December 9, 2022

When we think back to our kindergarten days, most of us remember simple things like picture books, recess and nap time. But now, a new technological challenge is bringing 21st century skills to children as young as four. While it might not be the kindergarten you remember, experts say it’s the best way to prepare young students for the future.

The “Ready, Set, Robotics” challenge is part of a summer program at Primrose Schools, a network of more than 400 early childhood centers across the country. Their STEM-based learning programs focus on technology, teaching students how to build and program robots from scratch. “This is the starting point for all of our future great thinkers,” said Dr. Maria Shaheen, senior director of early childhood education at Primrose, who said children from kindergarten through fifth grade are now learning skills normally taught to older students. “Younger kids love robotics and they can code, so we designed a developmentally appropriate robotics competition for early primary schools.”

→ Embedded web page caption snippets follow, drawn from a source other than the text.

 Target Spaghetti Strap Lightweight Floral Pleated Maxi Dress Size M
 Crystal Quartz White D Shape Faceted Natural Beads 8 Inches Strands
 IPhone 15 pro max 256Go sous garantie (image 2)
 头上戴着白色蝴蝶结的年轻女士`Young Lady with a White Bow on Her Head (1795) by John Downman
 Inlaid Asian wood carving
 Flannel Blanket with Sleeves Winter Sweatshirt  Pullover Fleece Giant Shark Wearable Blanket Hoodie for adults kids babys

The first week of the program introduces the basics of construction: students become familiar with the technology by seeing how robots actually work on a mechanical and programming level. Then, the game begins. Students work in groups to help the robot, nicknamed “Dash,” navigate the maze and complete special tasks—including saving their favorite stuffed animals. The winning team will receive funds to donate to a charity of their choice. Dr Shaheen said what impressed teachers most was the way young students were engaged in learning new technologies. “The kids absolutely love the robot,” she said. “It had very simple drag-and-drop coding, and that’s where robotics started.”

In addition to building these key engineering and programming skills, the Robotics Challenge focuses heavily on character development, teaching children problem-solving and collaboration while they have fun in the classroom. “They can use coding,” Dr. Shaheen said, “but more importantly, can they use their character development skills? You know, sharing and respecting others, developing friendships.”

Next year, when Primrose kicks off its second annual Teen Robotics Competition, the focus on STEM and robotics will continue – and possibly expand. Similar classes may soon be in classrooms near you; by 2030, it is estimated that at least 70 percent of U.S. schools will have robotics classes.